İtalya'da vergi ikametgahından muafiyet, kişinin ülkemizde bulunmasının geçici ve ara sıra olup olmadığının, örneğin herhangi bir yabancı ülkeye bağlantı uçuşu nedeniyle İtalya'da bir uçuş molası verilip verilmemesinin analiz edilmesiyle belirlenir.

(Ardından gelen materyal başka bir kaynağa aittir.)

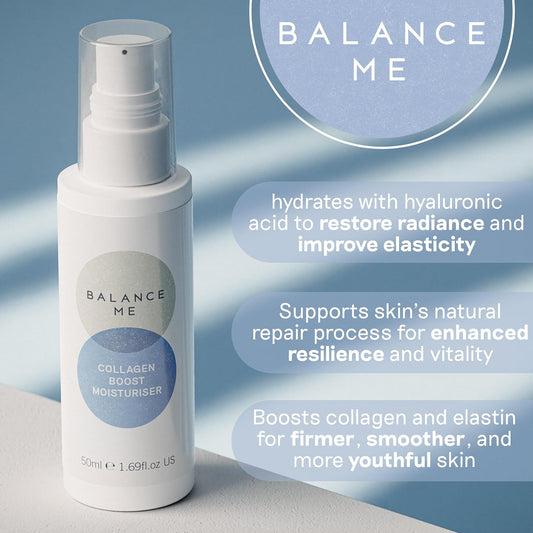 Balance Me Collagen Boost Moisturiser 50Ml, Anti Aging Face Cream With Hyaluronic Acid And Peptides, Skin Tightening And Neck Firming For Dry Skin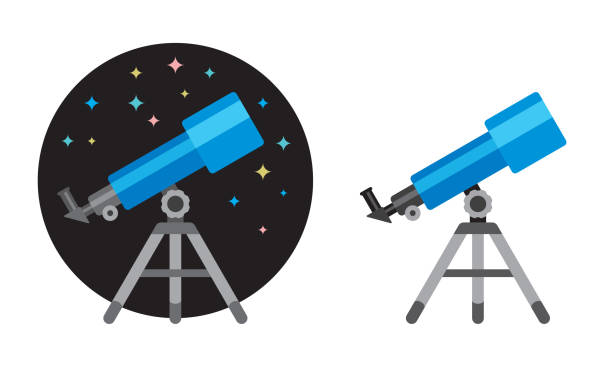 ilustraciones, imágenes clip art, dibujos animados e iconos de stock de telescopio icono plana - telescopio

Akıllı çalışma: Fiziksel varlığın sorunuUzaktan çalışan , yani İtalya'da 183 günden fazla bulunan çalışanlar için biraz sıra dışı bir durum söz konusudur. Kişi vergi ikametgahını İtalya'da kurmuşsa, yıl içinde elde ettiği tüm gelir üzerinden İtalya'da vergi ödemek zorundadır.

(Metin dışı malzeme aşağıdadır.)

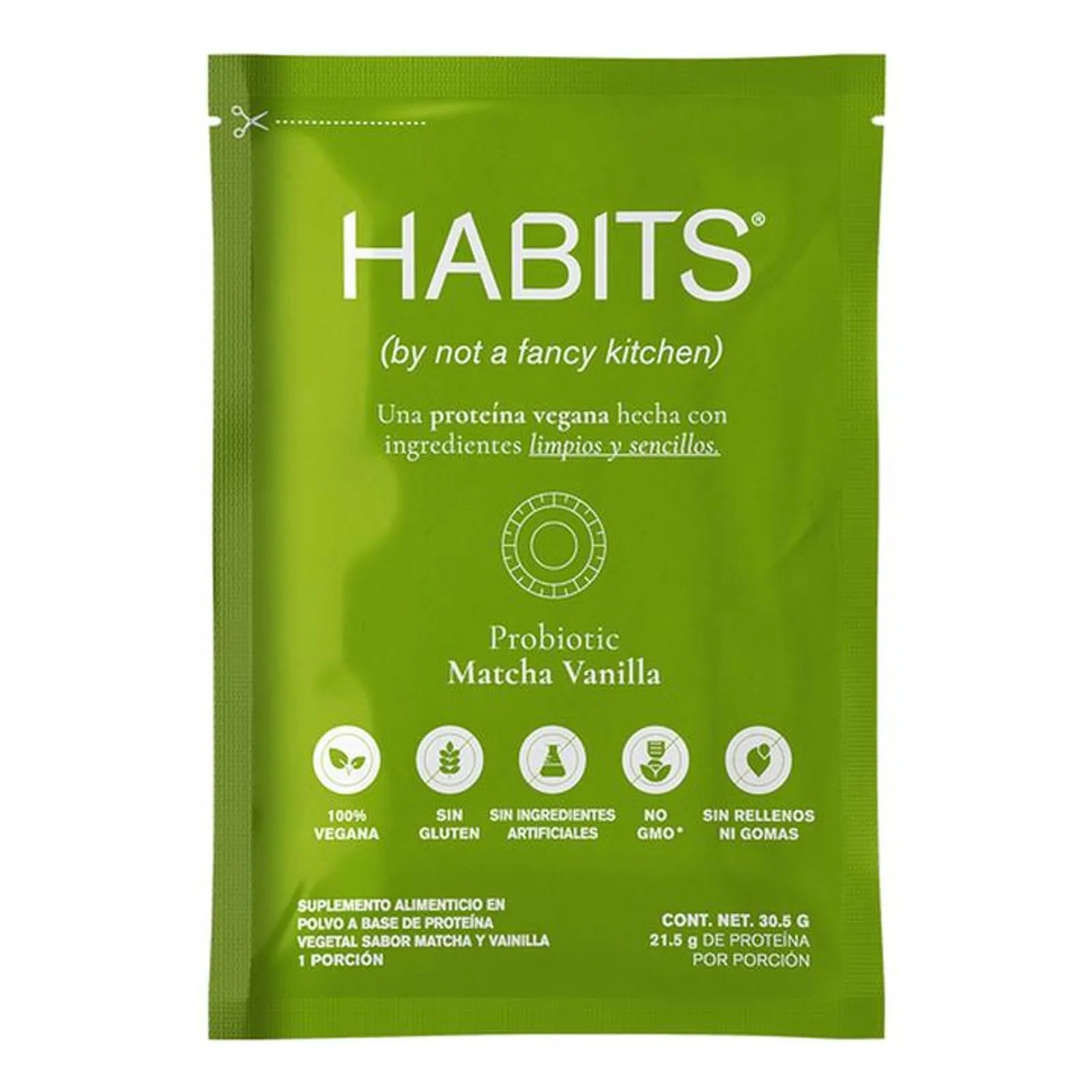 Habits Plant-Based Protein Packet Matcha Vanilla, 1 oz Main image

Ancak akıllı çalışanlar yurt dışında olduğunda 183 günlük eşik geçerliliğini koruyor: Bu koşulun yanı sıra diğer üç koşulu da (sivil ikamet, yerleşim yeri ve İtalyan sicil dairesine kayıt) karşılıyorlarsa İtalya'da vergi ödemek zorundalar.

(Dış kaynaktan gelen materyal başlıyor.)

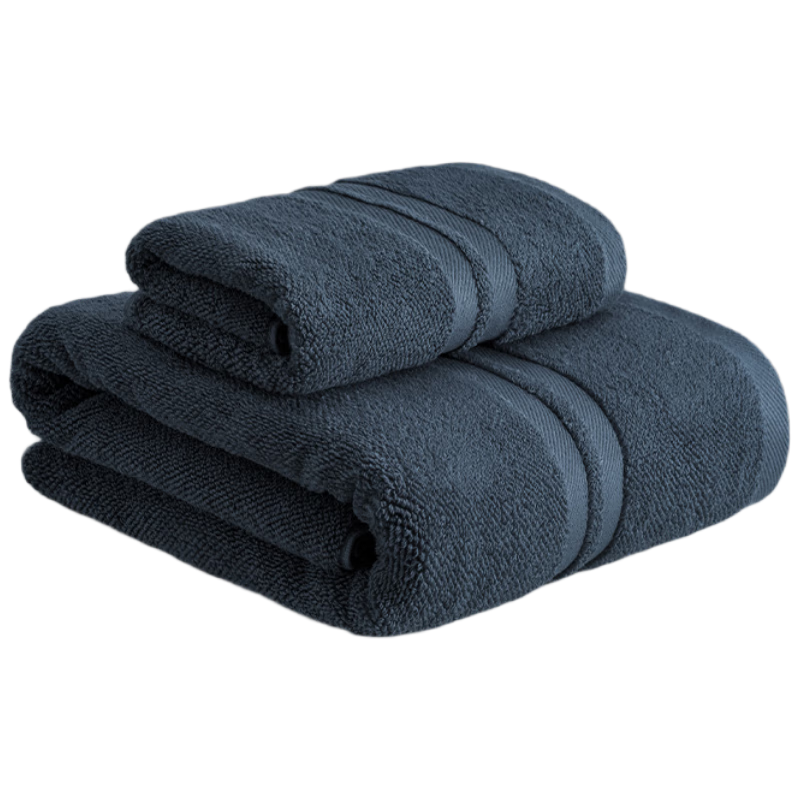 HOYO Japanese Antibacterial Household Bath Towel, Extra Large And Thick, Absorbent Pure Cotton Bath Towel, Two-Piece Set, Gentleman Blue Sports Style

Çift anlaşmalarda fiziksel varlıkİtalya'daki fiziksel varlık kriteri, İtalya'nın çifte vergilendirmeyi önlemek için diğer ülkelerle imzaladığı anlaşmalarla tutarlı görünmemektedir. Bu durumda, az önce gördüğümüz kriter, bir kişinin daimi ikametgahını belirlemek için değil, istihdamdan elde edilen geliri belirlemek için benimsenmiştir.
Bu, yılın yarısından fazlasını İtalya'da geçiren sınır ötesi çalışanların özel durumudur: yerel mevzuat uyarınca mukim olarak kabul edilebilirler. Ne yazık ki, bu mükellef, kendi ülkesinde de mukim olarak kabul edilme durumuyla karşı karşıya kalabilir. Bu durumda, Sözleşmelerin 4. Maddesi faydalı olur: Bu hüküm, bir tür çifte ikametgahta yaşayan mükellef için tek bir vergi ikametgahı belirlemeye yarar.
Bu durumda, çıkmazı çözmek için kalıcı konut seçeneğini değerlendirmek gerekiyor. Anlattığımız durumda, sınır ötesi çalışan, onu çıkış ülkesine yerleştirebilir ve bu da şüpheleri kaynağında etkili bir şekilde ortadan kaldırabilirdi. Ancak sorunun çözümü her zaman bu kadar basit ve anlaşılır olmayabilir.
OECD modeline dayalı çifte vergilendirmeyi önleme anlaşmalarında, daimi ikamet kriteri, İtalyan hukukunun gerektirdiği fiziksel varlığa en yakın olanıdır. Bu anlaşmalarda, daimi ikamet veya hayati çıkarların merkezi temelinde iki ülkeden birinde ikametin tesis edilemediği durumlarda daimi ikamet kriteri uygulanır.